It's hard to find out what happens when you can't reproduce it by yourself.

When did that behaviour start and does it happen only in some cases / states?

Greetings Tobias

basiccable4 commented 3 years ago

Hi Tobias, It has sporadically occurred since I set it up - I’ve had it happen across two different ESP32 devices on my network. First device was an ESP32-DevkitC with a Neopixel ring. Current device is the Adafruit Huzzah ESP32 with a Feathertop attached.

it’s very rare that it will pull my status correctly on the first polling after a change. Typically it will take a few attempts to pull the new status.

Sometimes it will flash red for up to 20-30 minutes until it finally pulls the status.

I know that the graph API is prone to being hot garbage, so I understand if there’s nothing we can really do here.

Is there additional logging or some sort of debug mode that I can enable to see the entire response from Microsoft?

toblum commented 3 years ago

Hi @basiccable4,

I will at least keep an eye on it and see if I can print out some more informations in that case that will give us a clue what happens.

Greetings

MegaWatt71 commented 3 years ago

Hi @toblum , @basiccable4

I faced the same issue and since 2 days it seems to be permanent.

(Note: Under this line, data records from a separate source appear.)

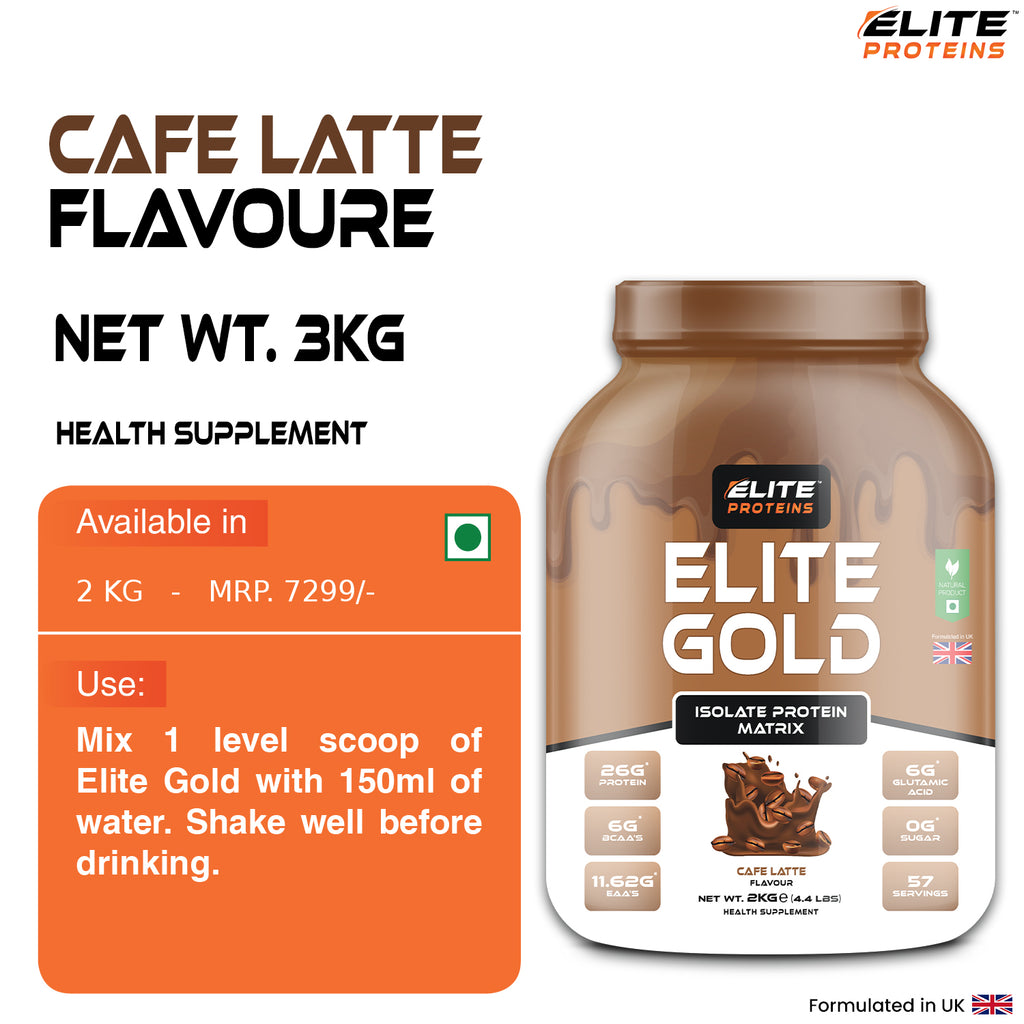 Elite Gold protein supplement jar with label details on a white background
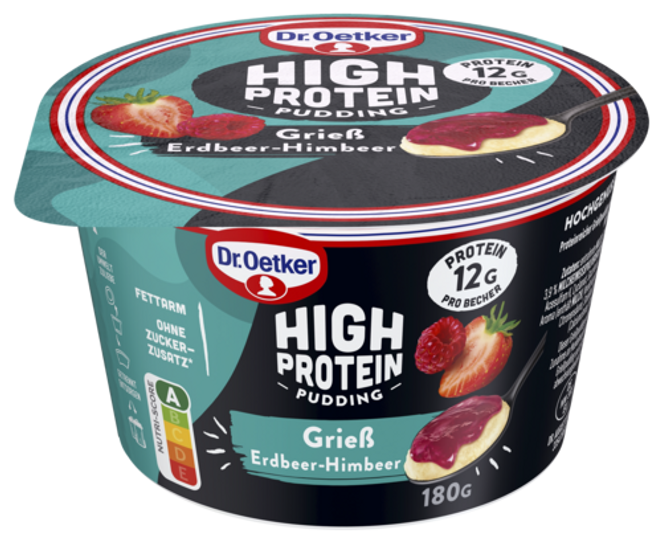 Dr. Oetker High Protein Grieß Erdbeer-Himbeer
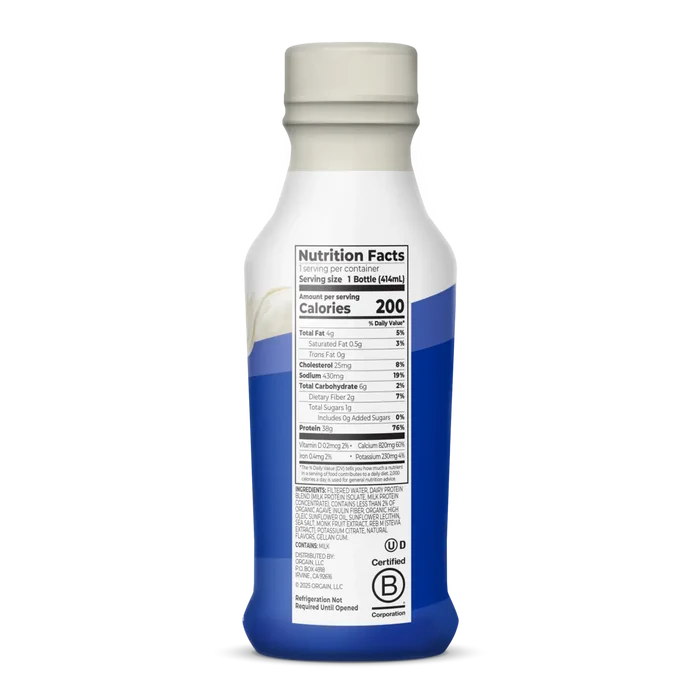 right side of bottle for Orgain 38g Protein Shake in vanilla bean flavor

Did a bit of rough debugging and saw that MS Graph indeed sent some additional stuff outside the brackets.

To work around this I just deleted everything in the answer, what is before the first opening bracket and after the last closing bracket(in request_handler.h)

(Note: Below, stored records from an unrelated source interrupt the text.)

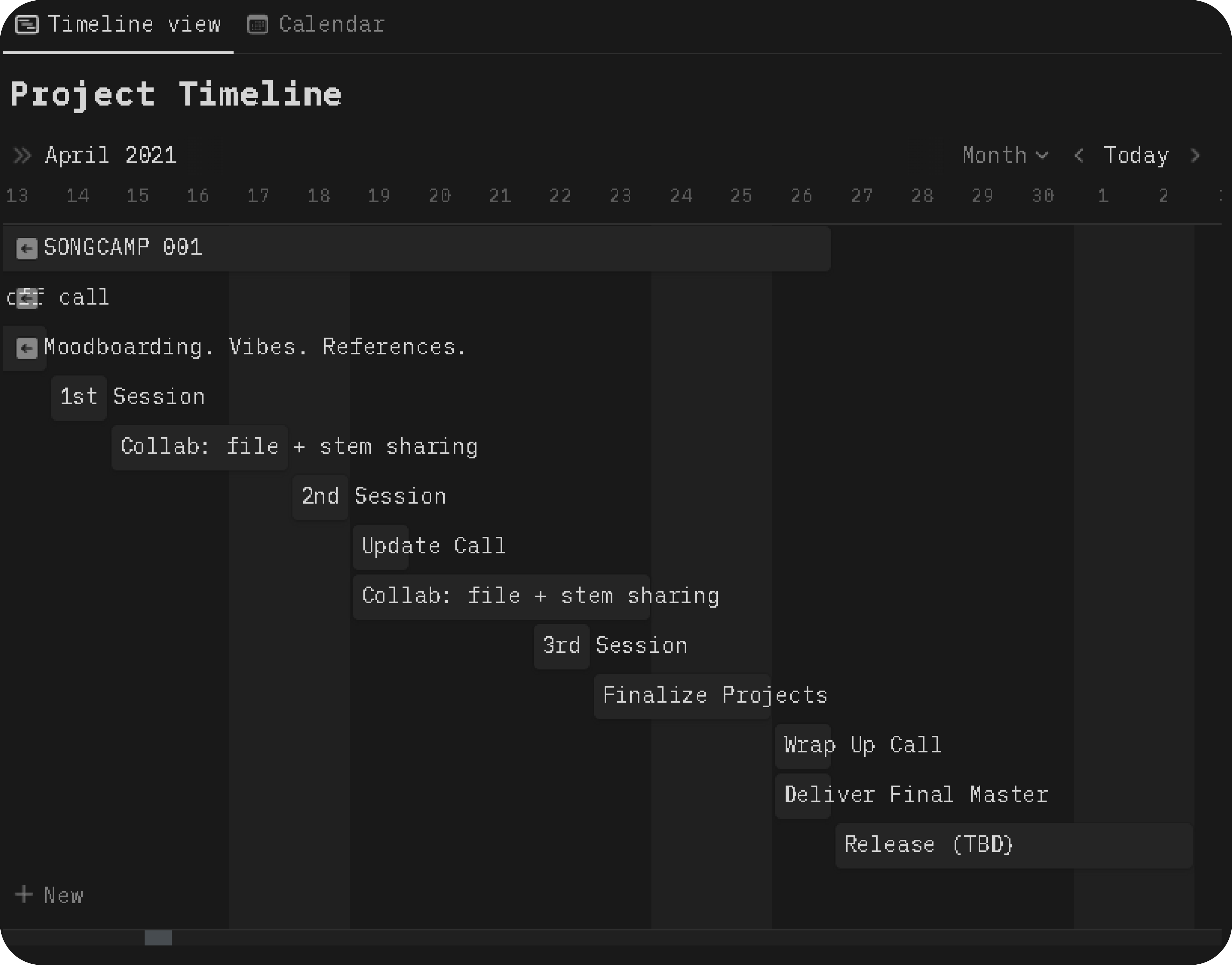 Genesis timeline planning via Mark Redito's dashboard.
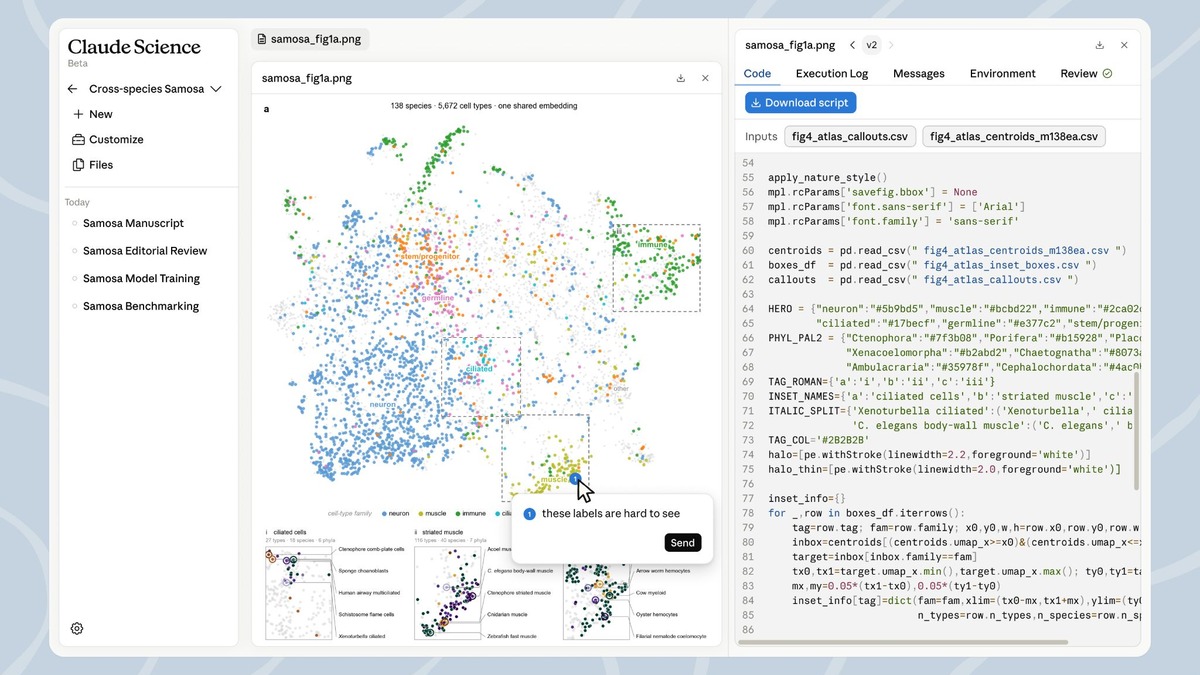 Claude Science research platform showing protein structure visualization and genomics tools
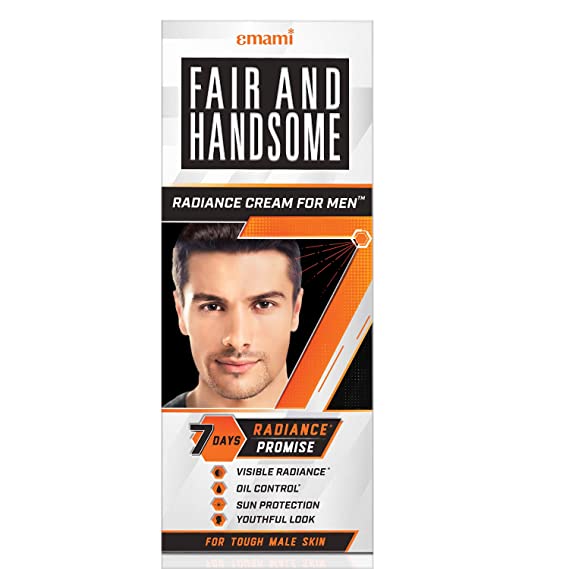 Emami Fair & Handsome Long Lasting Radiance Cream, 2X Spot Reduction, 7 Hrs Brighter Looky, Pro-Peptide, Face Cream For Men, 60g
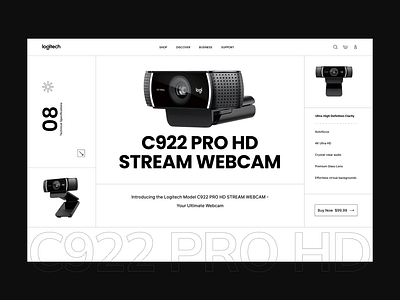 Redesign Concept - Logitech Webcam alaminuiux branding canada design studio logitech london pixavail pixavail studio ui ui ux design company uiux design uixashiq uk usa viral web design agency web design company web development company webcam website design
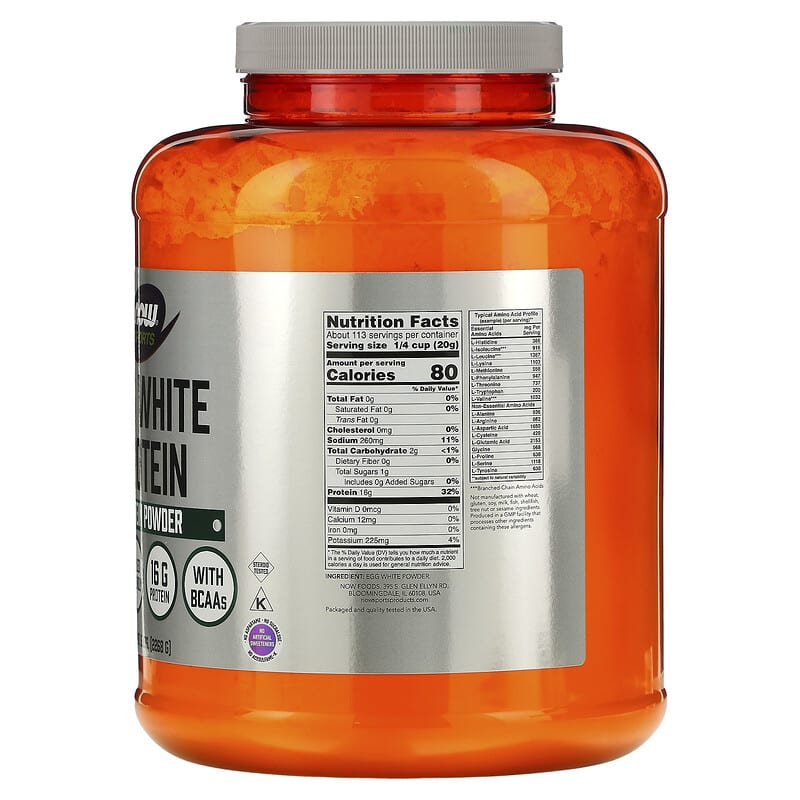 NOW Foods, Sports, Egg White Protein Powder, Unflavored, 5 lbs (2,268 g) 733739020437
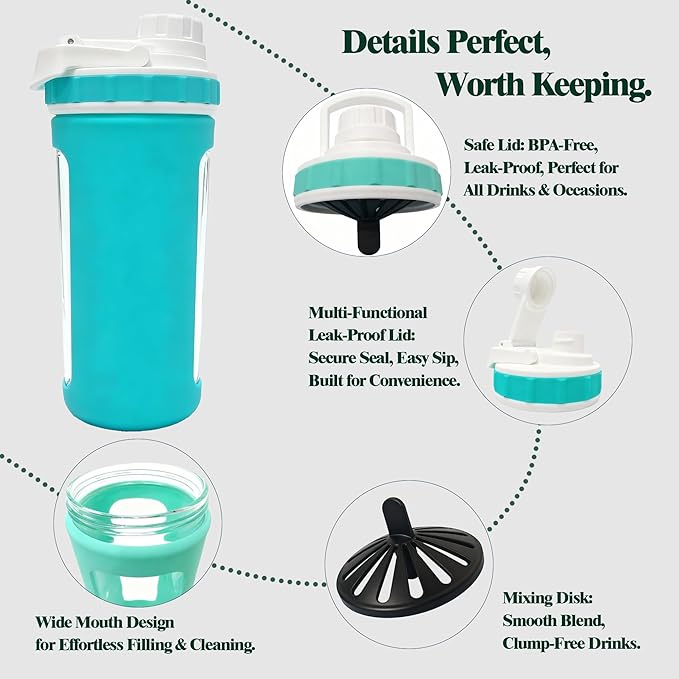Glass Shaker Cup Odorless BPA Free– Glass Shaker Bottle for Protein 26oz Durable Borosilicate Glass, Leak-Proof & BPA-Free – Ideal for Creamy Protein Shakes, Smoothies & Workout Drinks (Mint)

This patch works for me (sorry not nice, but my coding time is ages ago): if (httpCode > 0) { // HTTP header has been send and Server response header has been handled Serial.printf("[HTTPS] Method: %s, Response code: %d\n", type.c_str(), httpCode);

         // Just for debugging purposes:
         // if (url.indexOf("presence") > 0) {
          //    Serial.println(client->readString());
         // }

         // File found at server (HTTP 200, 301), or HTTP 400 with response payload
         if (httpCode == HTTP_CODE_OK || httpCode == HTTP_CODE_MOVED_PERMANENTLY || httpCode == HTTP_CODE_BAD_REQUEST) {
             // Parse JSON data

++ String Myanswer = client->readString(); ++ int firstOpeningBracket = Myanswer.indexOf('{'); ++ int lastClosingBracket = Myanswer.lastIndexOf('}'); ++ String Mycopy = Myanswer.substring (firstOpeningBracket ,lastClosingBracket +1); // Parse JSON data -- DeserializationError error = deserializeJson(doc, *client); ++ DeserializationError error = deserializeJson(doc, Mycopy);

            client->stop();
             delete client;
             client = NULL;

             if (error) {
MegaWatt71 commented 3 years ago

PS: Might be, that this is something what happens, if you have more than one busy lights for the same account?! I've not seen MS Graph answering with additional crap, when there is only one authorization. Unfortunately I could not retest, because I'm running out of MS accounts ;-) Just revoking the app authority in MS account settings and re-authenticate only one account did not change anything.

Just guessing...

toblum commented 3 years ago

Hi @MegaWatt71,

thank you for your feedback. I experienced this today the first time, no problems before. Today it stopped working also here. So it must be something that was rolled out over the last days over the different servers,

For me the result from the client looks like this: d2 {"@odata.context":"https://graph.microsoft.com/v1.0/$metadata#users('abc')/presence/$entity","id":"abc","availability":"Away","activity":"Away"} 0 This happens also for other Graph calls. I have currently no idea where this originates from. I suspect that it has to do with the deprecation of some older SSL/TLS protocols and the move to newer alternatives. I've seen this causing this trouble in different places over the last few days. Maybe the very basic SSL/TLS implementation in the ESP isn't able to handle this new encryption method well. But I may be wrong with that.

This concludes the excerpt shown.